The problem with their clamps was two-fold. One, the clamps moved around the turntable with a lot of friction, not the most pleasant experience...BUT the far bigger problem were the clamps themselves. They required all kinds of fiddling and adjustment to different guage strings and string types to prevent slipping and crushing. Adjust them too loose, and the clamps would inevitably slip on the pivotal first two pulls. Adjust them too tight and you'd end up crushing strings.
Was a very frustrating proposition, and the fatal flaw of the machine. Yes, the clamps didn't exactly glide around the turntable like Kristi Yamaguchi on ice, but still, it would be something I think many would have been more than willing to live with for the added convenience of the single-action design.

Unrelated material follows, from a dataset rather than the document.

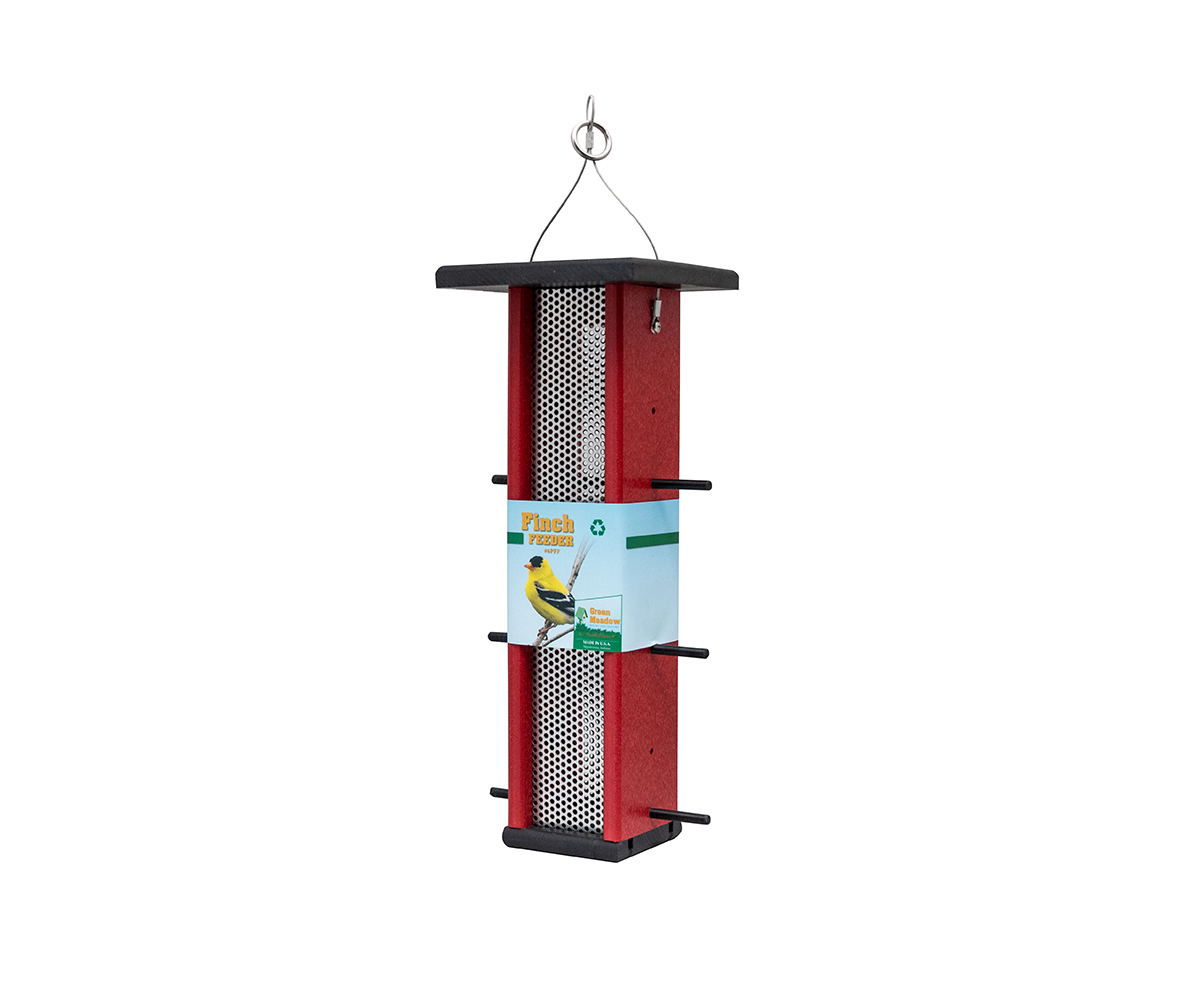 Finch Feeder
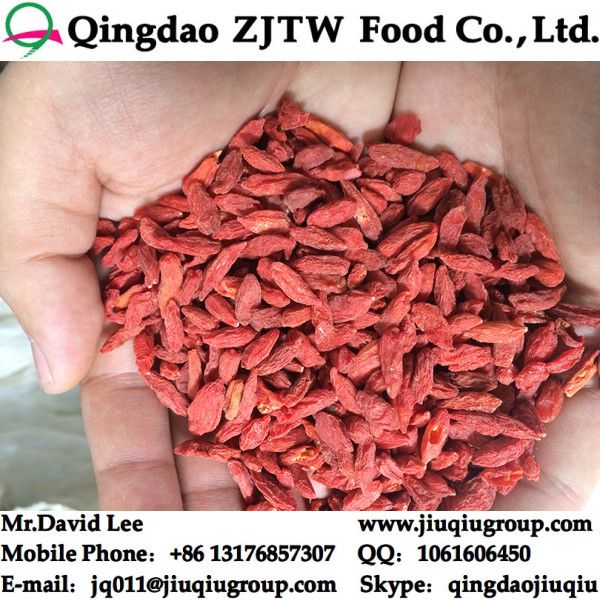 Zhongning Goji Berries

But again, what good is convenience when you can't clamp a string properly without causing premature string breakage?
If you can find a way to replace the clamps, you'd have a winner for not a lot of dough, but alas the manufacturer never did improve the clamps. Thus, a potentially breakthrough design went to the garbage bin.
It was truly one of those "ALMOST but not quite there" type designs you see from manufacturers periodically.